Data listing:
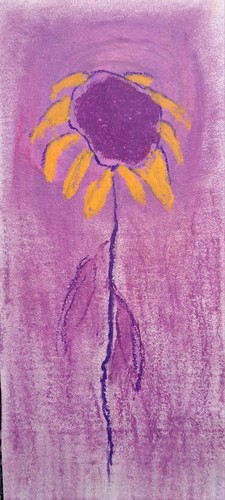Orginal art paper water - art,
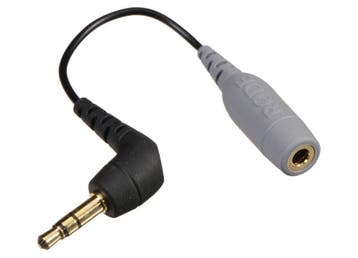 Rode SC3 TRSS naar TRS adapter, Ophalen of Verzenden, Nieuw, Overige typen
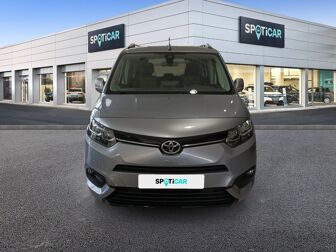 Imagen de TOYOTA Proace City Family L1 1.5D 5pl. Active Aut.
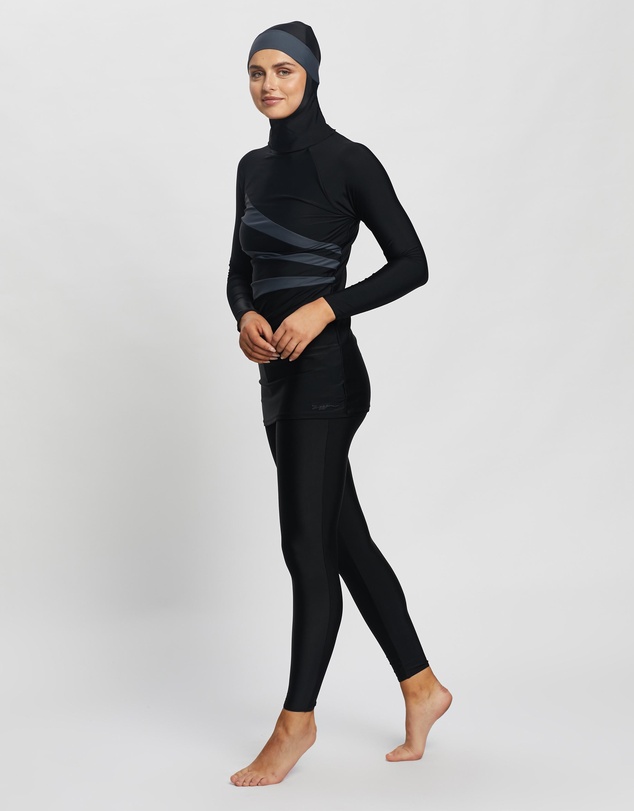 Zoggs - Meelup 3-Piece Modesty Suit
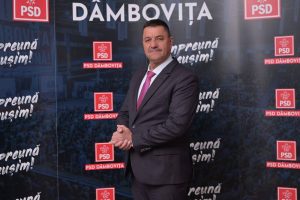 Read more about the article Încă un edil își anunță plecarea din PNL. Primarul comunei Cornățelu a trecut la PSD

Task requirements: Extract the full listing exactly, with the pictures left out.

Solved problem:
Orginal art paper water - art,
 Rode SC3 TRSS naar TRS adapter, Ophalen of Verzenden, Nieuw, Overige typen
 Imagen de TOYOTA Proace City Family L1 1.5D 5pl. Active Aut.
 Zoggs - Meelup 3-Piece Modesty Suit
 Read more about the article Încă un edil își anunță plecarea din PNL. Primarul comunei Cornățelu a trecut la PSD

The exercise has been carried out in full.